LoupSEcuriteEt, cerise sur le gâteau : «Vous mettez dans les bras de l’extrême droite les ouvriers parce que vous ne les connaissez pas, vous prétendez les comprendre mais vous ne faites plus partie de leur monde, vous vivez à la marge»

Racisme, jalousie?
En parlant de l’initiative des parkings relais, il était moins dur avec les politiciens et les syndicalistes, sans toutefois leur reconnaitre une totale irresponsabilité dans la défaite.
«Voilà un autre exemple des conséquences de la déconnexion des dirigeantes de gauche avec les masses populaires, le MCG (Mouvement des Citoyens Genevois) gagne dans les faits. Il ne s’agit, bien entendu, pas de tomber dans la démagogie pour le contrer, mais nous devons combattre en nous-mêmes les sentiments de défense primaire, de haine génétique, de jalousie incontrôlée qui nous rongent et que, plus ou moins consciemment, nichent au fond de nos pensées.»
En voyant que je ne comprenais pas très bien son raisonnement que je trouvais un tantinet démagogique aussi, il tente de clarifier :
«D’où tu crois que le MCG tire sa force ? Crois-tu, peut-être que les gens ont voté sur ce sujet parce qu’ils ont fait le calcul ? Bien sûr que non, mon cher ! C’est beaucoup plus simple ! Les petits choux de votants ont agi de la sorte par pure et simple jalousie, ni plus ni moins. Les gens savent qu’aujourd’hui, il ne s’agit pas des paysans savoyards qui viennent mendier du travail -ça ils adorent, les gens sans droits que les employeurs ne pouvant pas payer 4’000 francs font venir- mais de résidents genevois qui ont acheté leur bicoque en France et qui sont devenus frontaliers (suisses ou pas). Tu te rends compte ? Nous allons faciliter la vie de cette racaille ? Non et mil fois non, ils n’ont que vendre leur maison et rentrer dans leurs pays, disent les milliers de votants d’origine étranger que nous sommes !»
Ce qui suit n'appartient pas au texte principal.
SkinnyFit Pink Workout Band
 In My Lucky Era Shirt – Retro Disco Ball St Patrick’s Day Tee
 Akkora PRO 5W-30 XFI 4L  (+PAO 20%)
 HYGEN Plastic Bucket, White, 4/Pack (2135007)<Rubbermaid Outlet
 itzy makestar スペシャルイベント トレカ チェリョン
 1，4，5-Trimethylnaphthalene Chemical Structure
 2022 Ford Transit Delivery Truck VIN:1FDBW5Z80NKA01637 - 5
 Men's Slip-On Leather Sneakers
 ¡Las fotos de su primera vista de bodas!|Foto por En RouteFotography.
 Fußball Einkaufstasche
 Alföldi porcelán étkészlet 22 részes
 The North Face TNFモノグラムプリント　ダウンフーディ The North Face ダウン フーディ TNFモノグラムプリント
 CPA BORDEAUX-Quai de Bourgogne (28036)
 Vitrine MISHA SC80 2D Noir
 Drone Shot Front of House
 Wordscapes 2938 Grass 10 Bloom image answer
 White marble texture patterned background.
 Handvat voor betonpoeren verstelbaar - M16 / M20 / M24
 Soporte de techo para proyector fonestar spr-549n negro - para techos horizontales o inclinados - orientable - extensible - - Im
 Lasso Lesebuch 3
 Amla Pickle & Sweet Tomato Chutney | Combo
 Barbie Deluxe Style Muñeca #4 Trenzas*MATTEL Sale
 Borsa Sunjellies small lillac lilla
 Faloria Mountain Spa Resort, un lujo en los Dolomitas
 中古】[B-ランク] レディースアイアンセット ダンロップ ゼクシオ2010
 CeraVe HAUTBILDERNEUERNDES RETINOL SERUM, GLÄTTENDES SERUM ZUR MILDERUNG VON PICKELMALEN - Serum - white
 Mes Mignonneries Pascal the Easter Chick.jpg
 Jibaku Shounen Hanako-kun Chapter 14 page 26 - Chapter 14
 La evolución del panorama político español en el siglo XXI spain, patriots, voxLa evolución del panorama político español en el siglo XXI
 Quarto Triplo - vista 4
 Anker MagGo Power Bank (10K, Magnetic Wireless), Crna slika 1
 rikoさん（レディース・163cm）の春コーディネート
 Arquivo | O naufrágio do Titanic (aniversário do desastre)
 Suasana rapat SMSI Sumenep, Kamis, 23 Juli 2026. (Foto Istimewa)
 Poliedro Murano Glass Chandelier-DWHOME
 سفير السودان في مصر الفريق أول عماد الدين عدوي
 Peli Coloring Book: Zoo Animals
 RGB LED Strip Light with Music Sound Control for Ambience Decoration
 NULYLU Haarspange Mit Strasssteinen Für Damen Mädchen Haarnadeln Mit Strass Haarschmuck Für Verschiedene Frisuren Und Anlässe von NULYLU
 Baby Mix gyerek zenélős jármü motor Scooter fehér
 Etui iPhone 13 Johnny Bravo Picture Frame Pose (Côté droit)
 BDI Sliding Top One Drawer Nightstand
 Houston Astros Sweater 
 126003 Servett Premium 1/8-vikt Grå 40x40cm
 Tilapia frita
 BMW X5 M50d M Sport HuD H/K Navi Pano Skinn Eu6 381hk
De toute évidence, mon ami, qui n’est pas un, commençait à me gonfler et ma patience n’est pas infinie, ainsi je lui ai dit que cela n’était pas de notre faute et, avant que je le quitte un peut fâché, il me lance une dernière flèche empoisonnée :
«Vas-y, mon coco, essaye aujourd’hui de trouver un travail comme cadre dans l’administration en disant que tu habites en France, tu seras surpris de voir que tes copains des ressources humaines, même militants de ton organisation, vont te suggérer, très aimablement et pour ton bien évidemment, que tu mettes dans la lettre de motivation que tu habites en Suisse. Tu sais, pour ne pas avoir des histoires avec le MCG ! Je te le dis, et tu sais que j’ai raison, le MCG a déjà gagnée son pari, sa zizanie a bien pris !»
Je me suis promis de ne plus venir le voir, mais quel imbécile il est cet ami de mes deux ! Je te jure que s’il ne souffrait pas du trouble de la personnalité borderline, je lui casserai bien la gueule à ce merdeux.